The Methodist Conference Worship this morning was, I think, the nearest to 'getting it right' that I have experienced in a long time. This was certainly borne out by the wonderful atmosphere, a great sense of joy and so many kind and thoughtful words from people afterwards.

There are great challenges when planning Conference Worship, not least a myriad of decisions taken along the way to accommodate all sorts of hopes, desires, tastes, hang-ups and perspectives. There are also the institutional challenges of containing the momentous occasion of the Reception into Full Connexion within an act of worship that includes that hugely significant act but is not only about that act.

Planning begins months before and involves the President and Vice-President Designate, those responsible for the ordinands and those responsible for the due order of formal elements of the event.

The most wonderful development in all this for me has been, the increasing involvement over the last two years of superb musicians, who have a profound understanding of what happens in worship and are, like me, committed to using the best available mix of styles, focussing most importantly on the theme that will develop through the whole act of worship.

Important factors such as the use of inclusive language are made easier as our denominational resources begin to better reflect this aspiration for the church. Singing the Faith offers a range of known, loved, traditional hymns and vibrant new texts, some to familiar comfortable tunes, others to tunes that some find challenging.

Here is one of the 'pinch points' - in our attempts to please God through our worship we cannot always pick everybody's favourites and may even pick songs that some people find challenging. I think that there are some issues here that have to be considered sensitively, such as language that might re-open wounds for people who have been through trauma or have had difficult relationships. Theology is a real challenge - as a 'mainstream, liberal methodist' whose natural perspective is to focus on God's love played out on the cross, rather than a substitutional or penal perspective, there are some songs I avoid.
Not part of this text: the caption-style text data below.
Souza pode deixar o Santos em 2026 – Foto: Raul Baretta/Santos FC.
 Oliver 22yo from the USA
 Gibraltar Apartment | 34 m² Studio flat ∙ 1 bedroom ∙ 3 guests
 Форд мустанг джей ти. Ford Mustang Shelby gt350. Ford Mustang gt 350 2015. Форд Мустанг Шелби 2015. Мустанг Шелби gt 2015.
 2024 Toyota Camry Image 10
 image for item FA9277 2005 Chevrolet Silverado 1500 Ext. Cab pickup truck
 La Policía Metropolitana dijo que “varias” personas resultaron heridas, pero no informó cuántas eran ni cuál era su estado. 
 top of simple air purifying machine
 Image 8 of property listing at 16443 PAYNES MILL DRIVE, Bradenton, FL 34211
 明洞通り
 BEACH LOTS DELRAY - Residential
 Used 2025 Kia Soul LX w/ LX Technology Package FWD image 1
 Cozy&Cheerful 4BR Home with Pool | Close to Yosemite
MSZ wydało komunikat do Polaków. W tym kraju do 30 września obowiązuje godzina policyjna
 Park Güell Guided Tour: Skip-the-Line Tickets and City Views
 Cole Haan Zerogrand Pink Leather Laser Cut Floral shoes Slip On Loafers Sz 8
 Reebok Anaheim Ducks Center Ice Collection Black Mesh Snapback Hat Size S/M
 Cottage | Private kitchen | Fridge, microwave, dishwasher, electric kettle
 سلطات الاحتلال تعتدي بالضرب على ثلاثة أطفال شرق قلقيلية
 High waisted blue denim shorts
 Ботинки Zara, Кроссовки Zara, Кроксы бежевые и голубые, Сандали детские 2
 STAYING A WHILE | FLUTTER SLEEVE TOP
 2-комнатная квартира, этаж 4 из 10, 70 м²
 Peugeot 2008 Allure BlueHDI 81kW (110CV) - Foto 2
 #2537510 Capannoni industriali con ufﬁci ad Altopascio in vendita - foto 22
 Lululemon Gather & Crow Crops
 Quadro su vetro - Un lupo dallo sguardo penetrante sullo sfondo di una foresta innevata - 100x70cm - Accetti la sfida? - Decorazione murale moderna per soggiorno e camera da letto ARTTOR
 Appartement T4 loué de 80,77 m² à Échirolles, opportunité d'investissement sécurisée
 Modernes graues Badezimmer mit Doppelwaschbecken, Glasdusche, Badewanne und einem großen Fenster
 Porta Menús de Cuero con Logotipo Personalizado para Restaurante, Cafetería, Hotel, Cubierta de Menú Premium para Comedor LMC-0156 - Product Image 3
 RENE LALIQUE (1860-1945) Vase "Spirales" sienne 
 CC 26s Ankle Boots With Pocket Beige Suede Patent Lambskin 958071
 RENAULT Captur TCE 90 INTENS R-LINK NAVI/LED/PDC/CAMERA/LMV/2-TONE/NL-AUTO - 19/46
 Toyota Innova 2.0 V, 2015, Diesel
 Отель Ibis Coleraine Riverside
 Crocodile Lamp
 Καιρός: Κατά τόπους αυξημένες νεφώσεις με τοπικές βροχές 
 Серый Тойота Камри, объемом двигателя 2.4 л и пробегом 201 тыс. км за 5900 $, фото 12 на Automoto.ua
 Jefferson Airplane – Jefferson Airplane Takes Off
Yet we are a broad church and that has been a challenge for those of us tasked with choosing our current authorised hymnody. I don't mind if people offer feedback about the content of a particular hymn - I do get more uptight if the feedback is about style rather than substance. We all have preferences and enjoy particular forms of singing but surely we can have the grace to allow worship to be a space in which all are able to offer praise to God, knowing that there is more than one way to do this.

Planning Conference worship is a privilege and delight and involves the making of many decisions and editing, reediting and proof-checking the text. Choosing to have a story-teller to open up the scriptures is a risk. The risk payed off today - we heard in wonderful tones a holding of each text within a broader perspective on the life of Jacob and the life of Christ. I have already picked up criticism that the full text was not on the screen, or that we used a 'paraphrase' of scripture in worship. On the screen were excerpts from the Handwritten Bible - one of the decisions to be made this year was how to include and honour that project in worship without shifting our focus from God. So a creative compromise was born. The full texts were in the printed service booklet for those who wanted to reflect on God's word as understood by the writers of the NRSV.

My favourite moments in the service (and there were many) include the sung intercessions - the solos and the congregational responses were so beautiful and prayerful and I enjoyed sourcing and choosing images from David Perry, TwelveBaskets and a free stock source (these last ones carried watermarks - but were such striking images I chose to use them - this has produced a negative comment on Twitter, I'd love the person who twittered to get in touch so we could talk about how I might have got rid of the watermark without breaking copyright law).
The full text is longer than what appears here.